I can exclusively reveal that Melting Clock is booked to begin recording their debut album later this month and, if everything goes smoothly, have a record ready for sale in November. Part of our conversation related to cover artwork and I was shown the design for the album sleeve, then asked what I thought about their proposed cover and about album artwork generally. It was something of an honour to preview the cover art (I like it a lot) but I didn’t back up my opinion with a full explanation why I think an appropriate album sleeve is an important part of the whole package, which I think should also take the music and (where possible) the live experience into account.

My preference for an album sleeve is a photographic image, because the medium, though both easily digitally manipulated and suitable for abstract work, best represents realism; I’m also an avid photographer with an inclination for scenery and architecture. I love much of the work of Hipgnosis but one of my favourite pieces is John Pasche’s design for Illusion by Isotope (1974) with a cover photo by Phil Jude - the depiction of headphones with a mercury-like fluid connecting the two ear-pieces was part of the reason I bought an Isotope LP and listen out for more jazz rock. However, I’m also partial to a good painting, graphic design or some other form of artwork, like Henry Cow’s iconic sock imagery.


The presentation of an album used to be one of the factors I took into account when I was first attempting to discover new music in the early 70s, a time when the 12 inch LP format offered the best possible option for displaying images, innocently believing that art direction was more the responsibility of the group than the label and hypothesised that a band that invested in decent artwork was likely to have taken equal care with their music. Pre-prog, The Beatles’ Sgt Pepper’s Lonely Hearts Club Band (1967) with a design by Peter Blake and Jann Howarth pioneered a new form of album presentation, opening the doors for cover art to reflect the musical and lyrical content of the release.


The presumption, good artwork equates to good music, didn’t always stand up. Examples I use to illustrate the failure of the theory are Gentle Giant’s Acquiring the Taste and the second Italian release by PFM, Per Un Amico, where the covers are awful but the music is excellent, and the alternative situation with a great Roger Dean cover but music not to my liking, Badger’s One Live Badger, but there are many other examples of good music wrapped in awful artwork and vice versa.

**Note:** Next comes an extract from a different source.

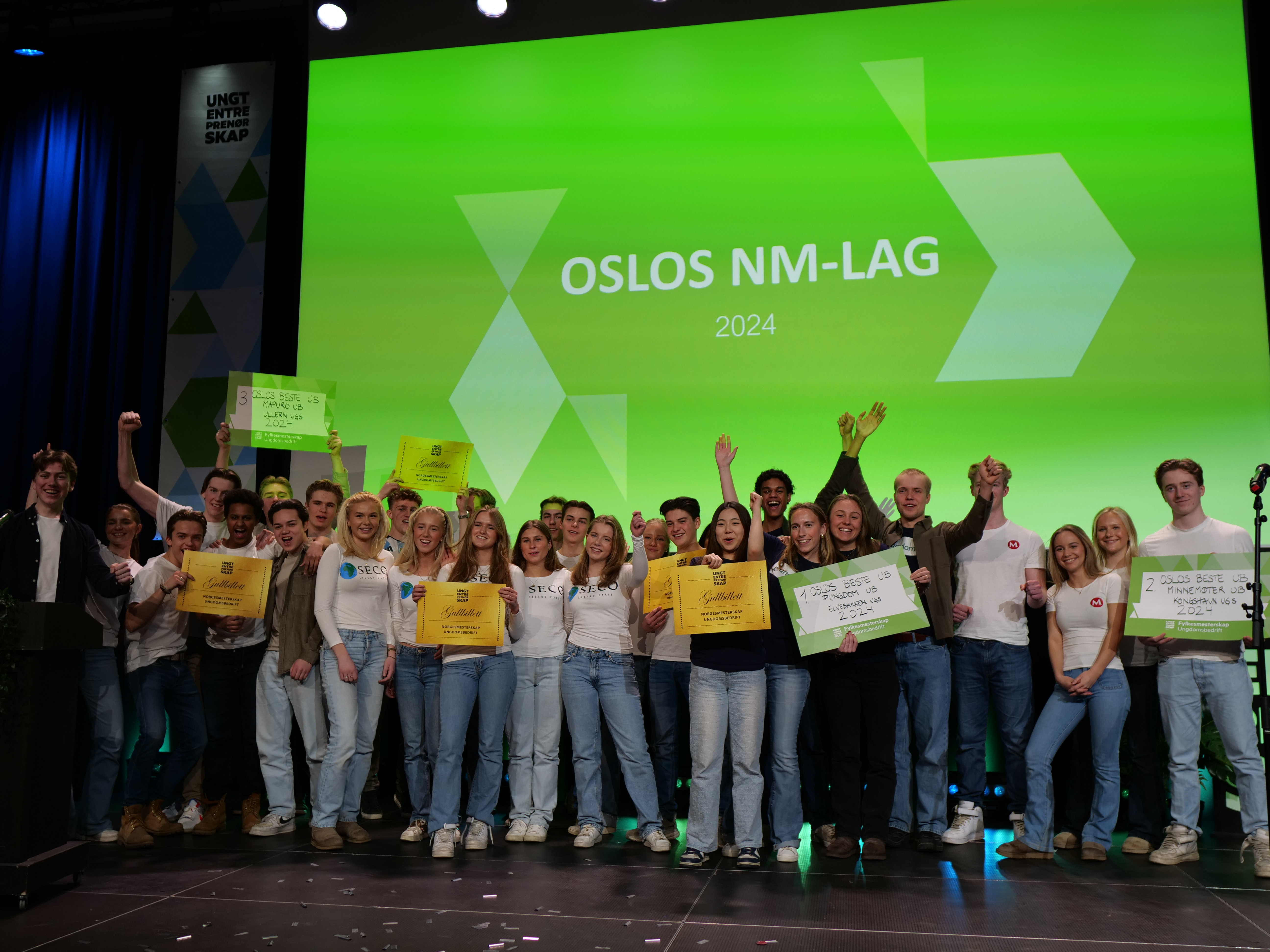 En gruppe mennesker som holder skilt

There are a number of artists and design teams who have a strong association with progressive rock but the most famous has to be Roger Dean, predominantly for his work with Yes. Whereas Hipgnosis images sometimes only obliquely refer to an album title or lyrical references, there is usually some allusion to the subject matter. On the other hand, Dean’s paintings have less of a concrete relationship with the subject matter because, on the two studio albums Close to the Edge and Tales from Topographic Oceans, Jon Anderson was utilising the sounds of words rather than their meaning when penning lyrics. Even though there is no concept linking Fragile and Close to the Edge, Dean constructed a coherent narrative thread, explained in the paintings adorning the triple gatefold of Yessongs and later revisited in a number of live releases from Yes and Anderson Bruford Wakeman Howe, that nevertheless formed an instantly recognisable visual brand.

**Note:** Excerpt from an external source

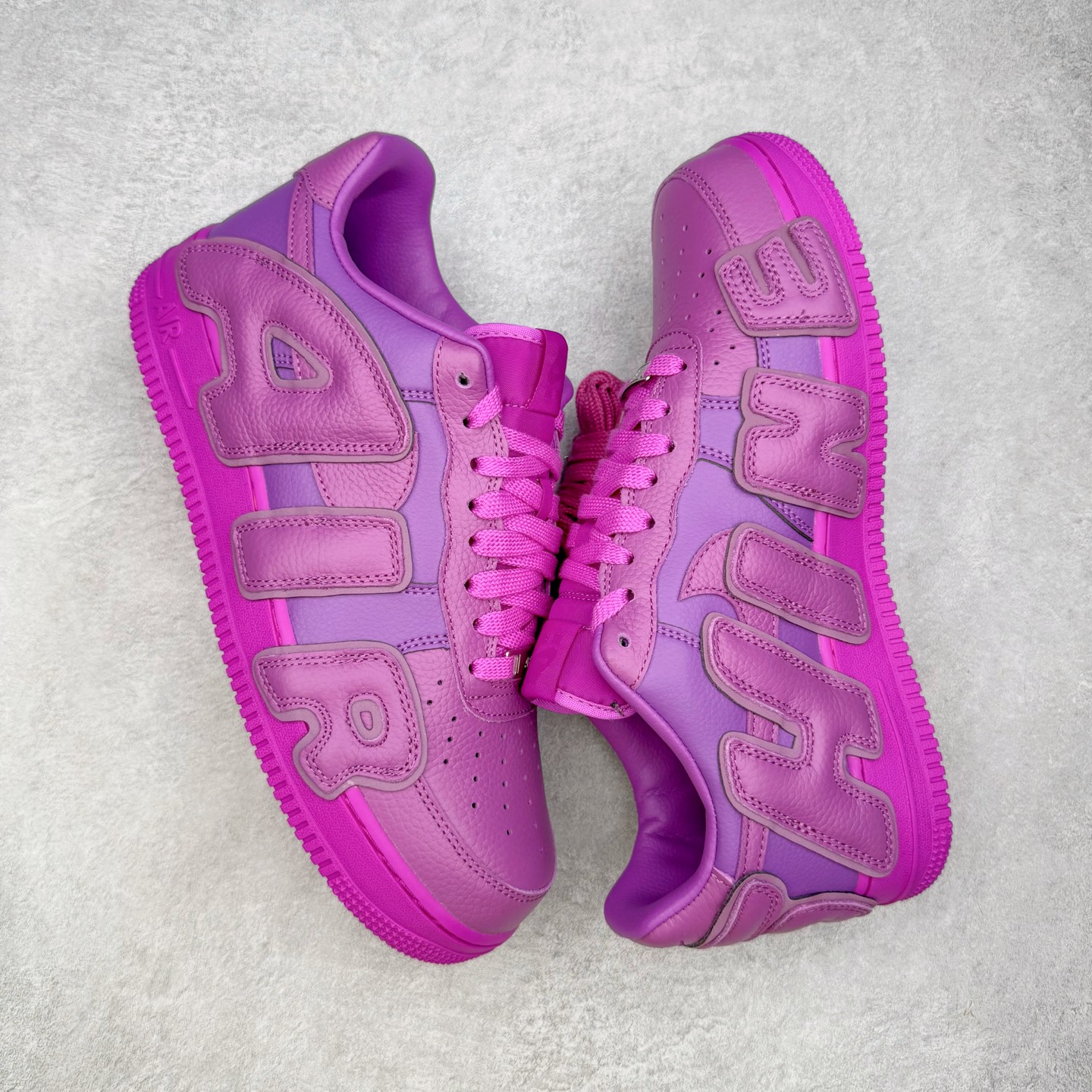 图片[3]-＃S2纯原 CPFM x NK Air Force 1 07 Low 空军一号系列低帮经典百搭休闲运动板鞋“联名放大补丁字母” FQ7069-500 近日，A$AP Bari 在其官方社交媒体上预告了 Cactus Plant Flea Market (CPFM) 和 Nike Air Force 1 Low 的全新配色。此次全新推出的紫色和苔藓绿配色，保留了原始黑白版本的标志性风格，均采用皮革鞋面、尼龙鞋舌、带有反光底衬的「AIR SUNSHINE」及同色 AF1 橡胶鞋底。尺码：39 40 40.5 41 42 42.5 43 44 44.5 45 46 47.5 48.5-选品中心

I believe there are tangible benefits to a long-term partnership between a musical entity and a particular designer, where music, lyrics and visual motifs create a coherent artistic vision, a gesamtkuntswerk, readily recognisable to the record-buying public. For a band like Melting Clock embarking upon their debut album that have yet to build up such a relationship, it is essential to be comfortable with the trust placed in the artist to interpret their musical ideas to grace the album sleeve. Those of us who have heard their demo EP or seen them live know how good the music is; I think the cover artwork fits their vision.

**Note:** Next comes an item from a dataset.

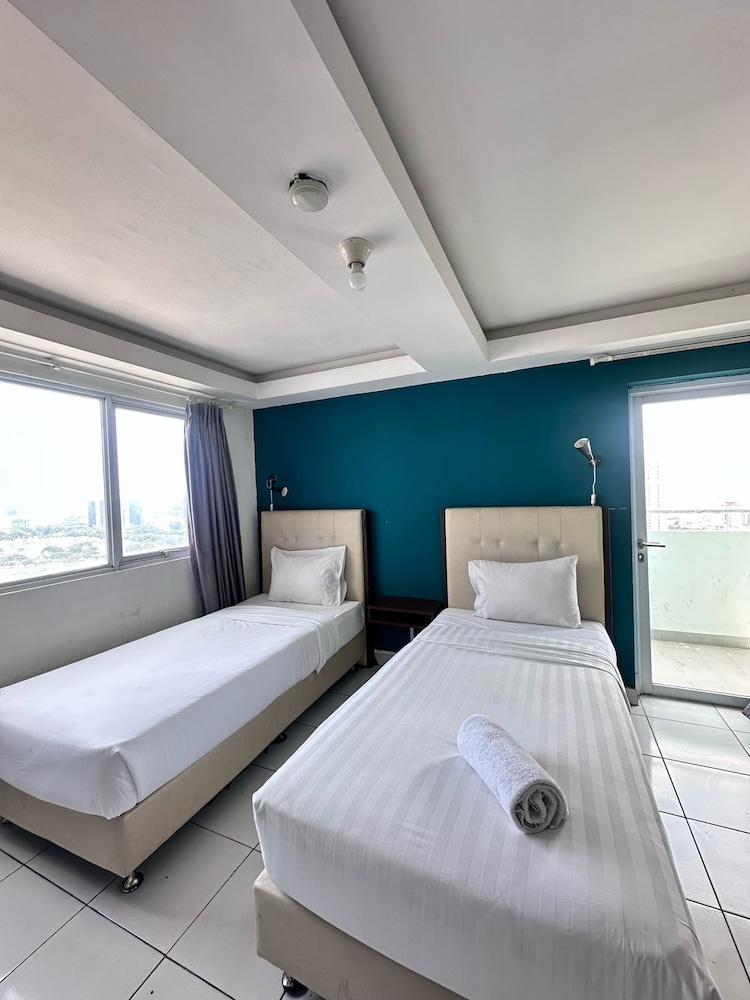 Standard Twin Room - Photo 1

By ProgBlog, Jun 26 2018 02:59PM



It doesn’t take much to get me on an aeroplane to Italy, but the promise of a good band is an added incentive. The last trip to Milan for the FIM Fiera Internazionale della Musica was primarily about getting to see Anekdoten, something of a coup for the Black Widow Records-organised Prog On evening, with a support slot from La Fabbrica dell’Assoluto whose excellent 1984: L’Ultimo Uomo d’Europa was added to my record collection earlier this year. I’d also been informed that the third band on the bill, Hollowscene, was another amazing symphonic prog band well worth looking out for.


Originally a duo called Banaau formed in 1990 by guitar player Andrea Massimo and keyboard player Lino Cicala, they recruited drummer Davide Quacquarella and bassist player Dino Pantaleo to perform long-form suites inspired by T.S. Eliot’s The Hollow Men and The Love Story of J Alfred Prufrock and Edgar Allan Poe’s The Conqueror Worm, but didn’t spend any time recording the material. There was a hiatus following the departures of Quacquarella and Pantaleo lasting from the early 90s until 2011 when the pair met again and agreed to continue working on songs written by Massimo during that almost 20 year gap. In 2015 they officially re-emerged as a septet, augmented by Andrea Zani on keyboards, Elton Novara on guitar, Tony Alemanno on bass guitar and bass pedals, Matteo Paparazzo on drums and Demetra Fogazza playing flute and adding vocals, and released a highly-acclaimed 20 minute-long EP The Burial inspired by The Burial of the Dead, the first of five sections of T.S. Eliot’s The Waste Land (1922).


For their first full-length album, Massimo and Cicala changed the band name to Hollowscene and replaced Novara with guitarist Walter Kesten. The new moniker recalls T.S. Eliot’s The Hollow Men but is also a play on the current geological era, the Holocene, and could even allude to the general state of music, a hollow scene. Once again, this features a lengthy concept, a five-part suite Broken Coriolanus and the album also includes a reworked version of The Worm, one of their original compositions, plus a cover version of The Moon is Down, a 1971 Gentle Giant song taken from Acquiring the Taste.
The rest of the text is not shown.